- **WHAT IS NEEDED**
Leaving out all pictures, return exactly the lines from the one that contains "People doing stretching exercises in pairs People" through the end of the data below.

- **DATA BELOW**
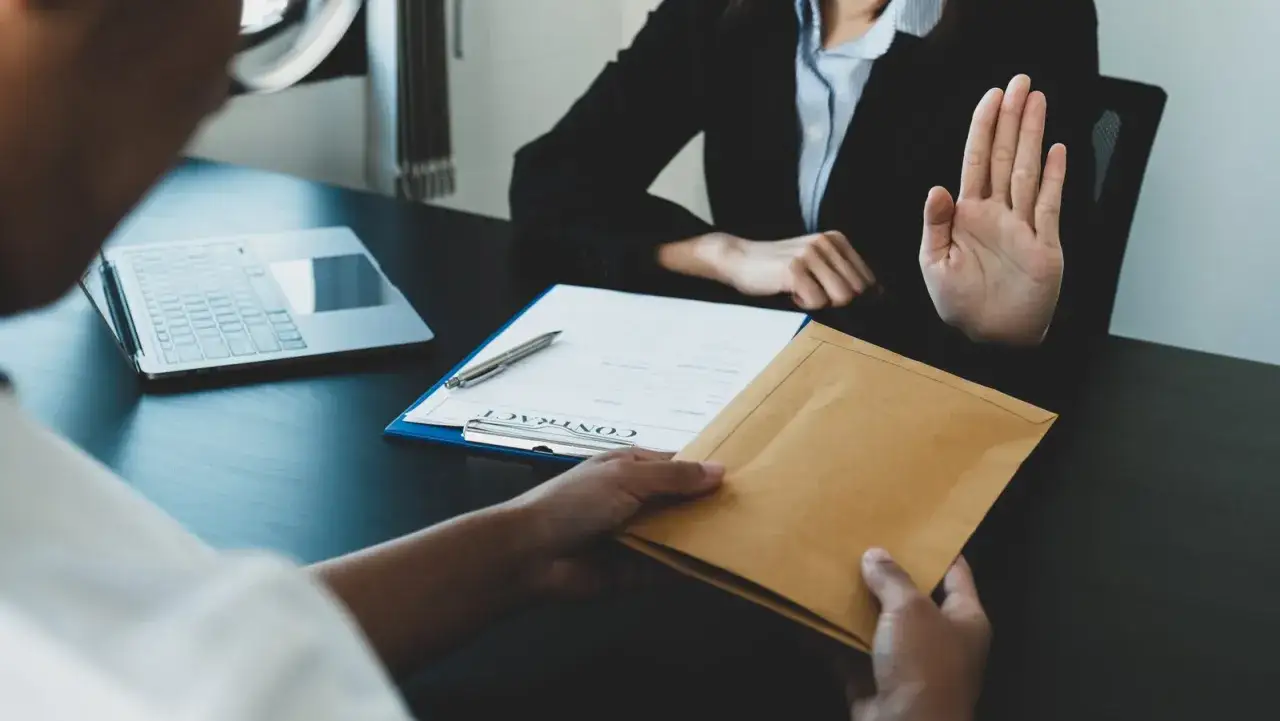 Refus d'inspection, tentative de corruption pour éviter un licenciement. Un salarié protégé tente de soudoyer, mais la main levée indique un refus ferme.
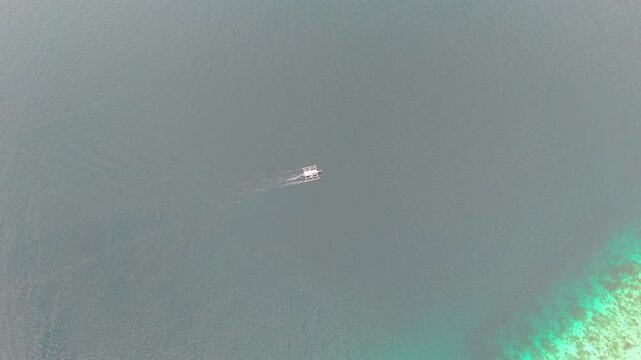 Aerial View of Boat Sailing Over Calm Waters &ndash; Coron Palawan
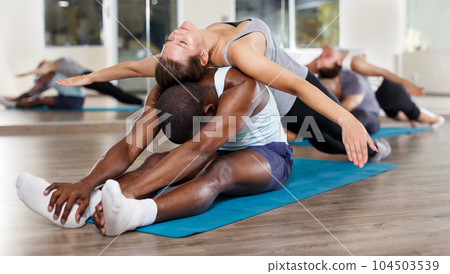 People doing stretching exercises in pairs People doing stretching exercises in pairs 104503539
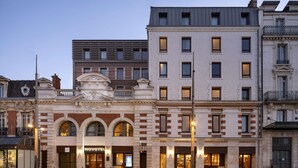 A hotel with a classic facade, featuring arched windows and a central entrance.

- **EXERCISE ANSWER**
 People doing stretching exercises in pairs People doing stretching exercises in pairs 104503539
 A hotel with a classic facade, featuring arched windows and a central entrance.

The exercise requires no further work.